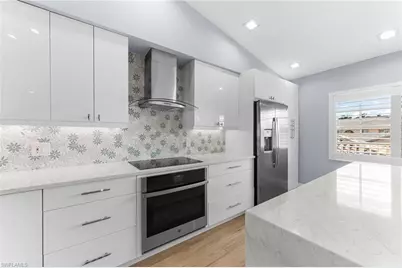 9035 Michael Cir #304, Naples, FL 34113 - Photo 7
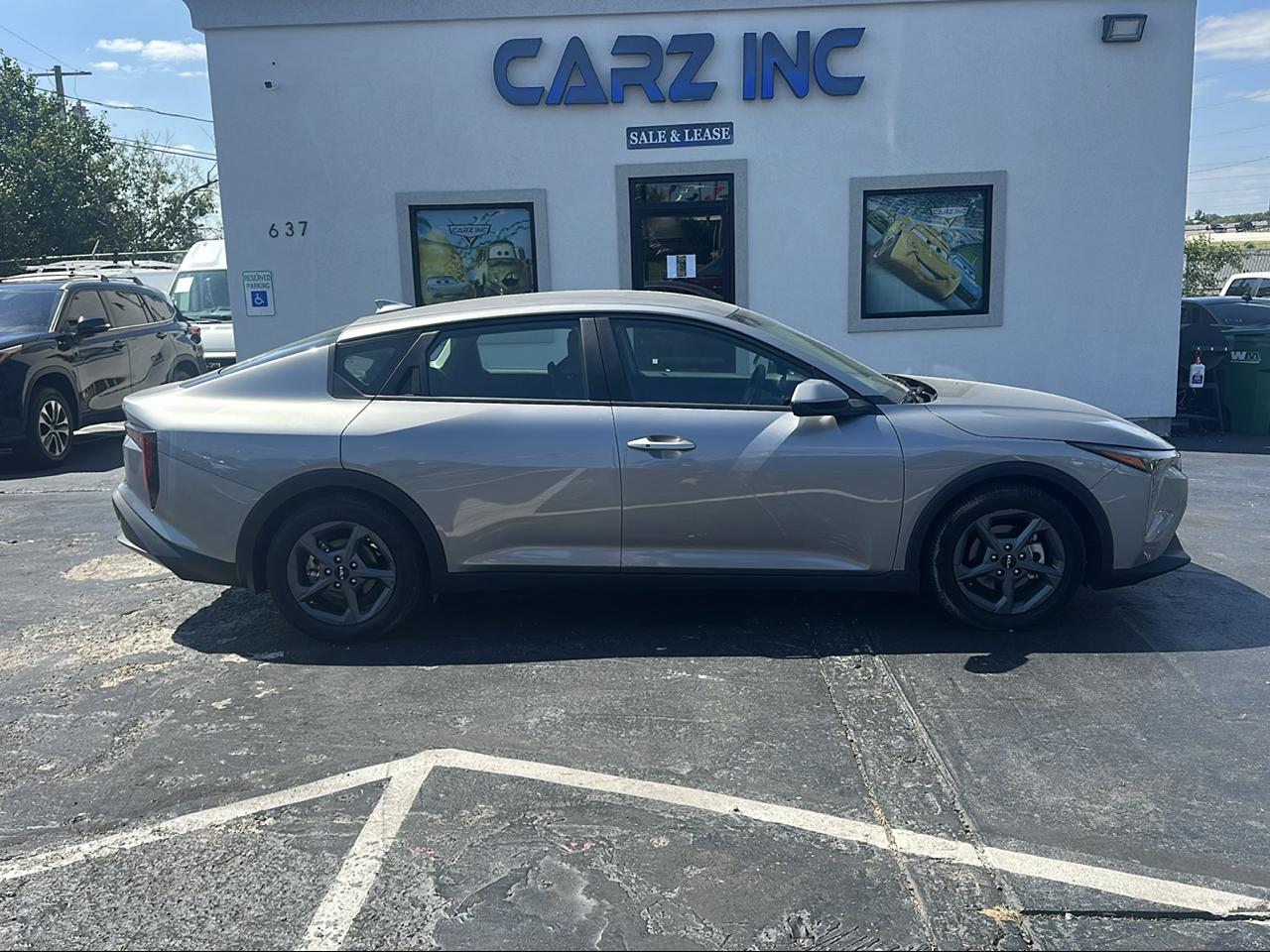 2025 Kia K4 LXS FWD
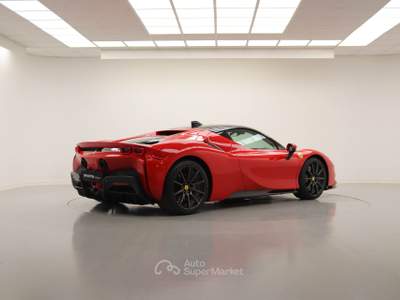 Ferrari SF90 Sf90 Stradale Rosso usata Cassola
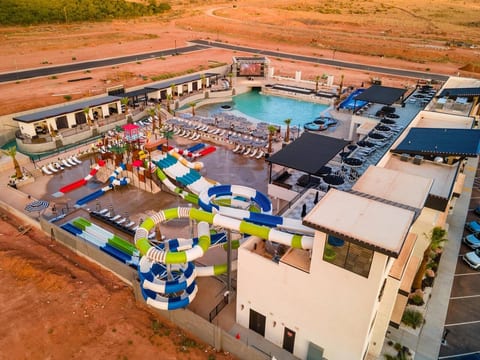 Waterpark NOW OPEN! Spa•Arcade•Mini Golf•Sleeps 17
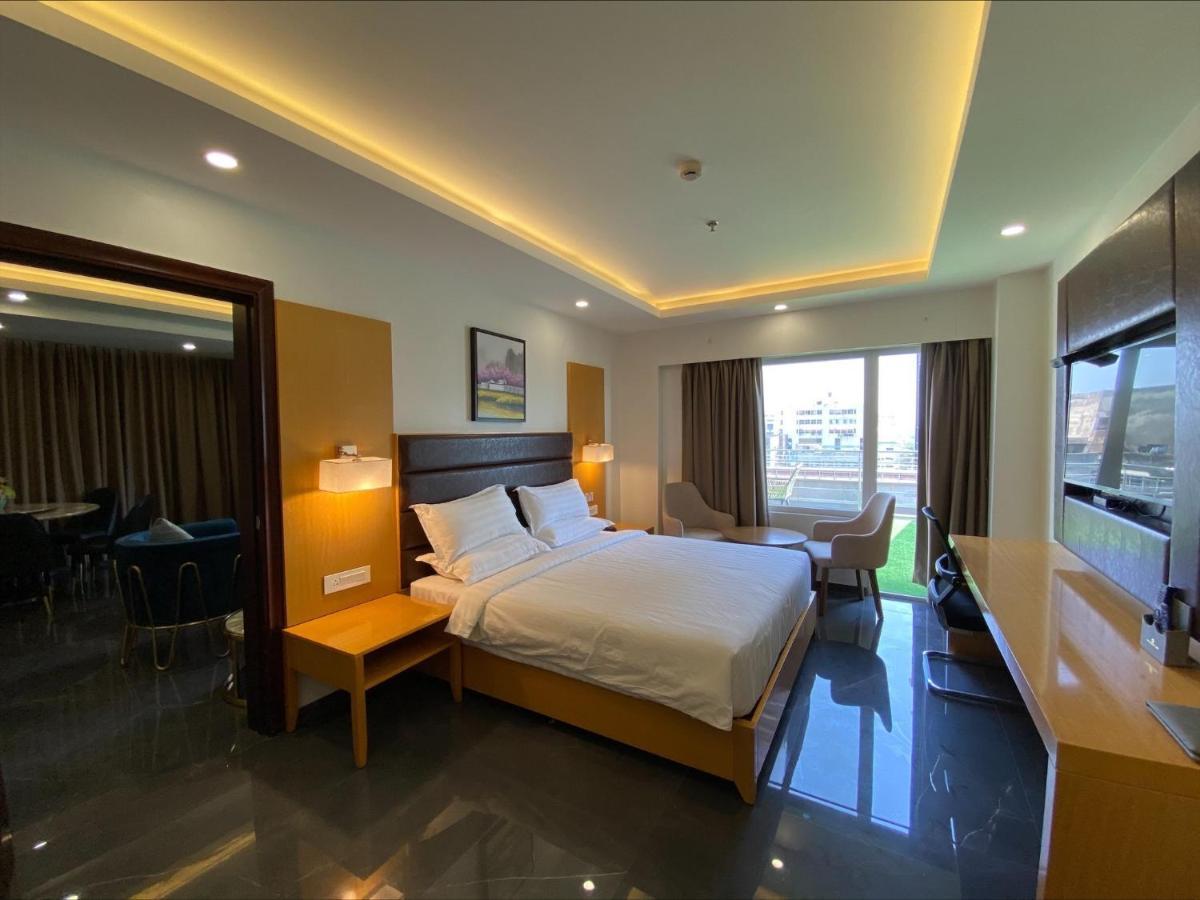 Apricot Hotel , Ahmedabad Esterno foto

_ _ _ _ _

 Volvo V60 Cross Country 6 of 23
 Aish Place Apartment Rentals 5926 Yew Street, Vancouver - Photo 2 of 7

_ _ _ _ _

▶ _Work required_: What do the entries above read from the line containing "Waterpark NOW OPEN!" through the line containing "Apricot Hotel , Ahmedabad Esterno foto"? Output those lines exactly, both ends included, with the pictures left out.

▶ _Answer_:
 Waterpark NOW OPEN! Spa•Arcade•Mini Golf•Sleeps 17
 Apricot Hotel , Ahmedabad Esterno foto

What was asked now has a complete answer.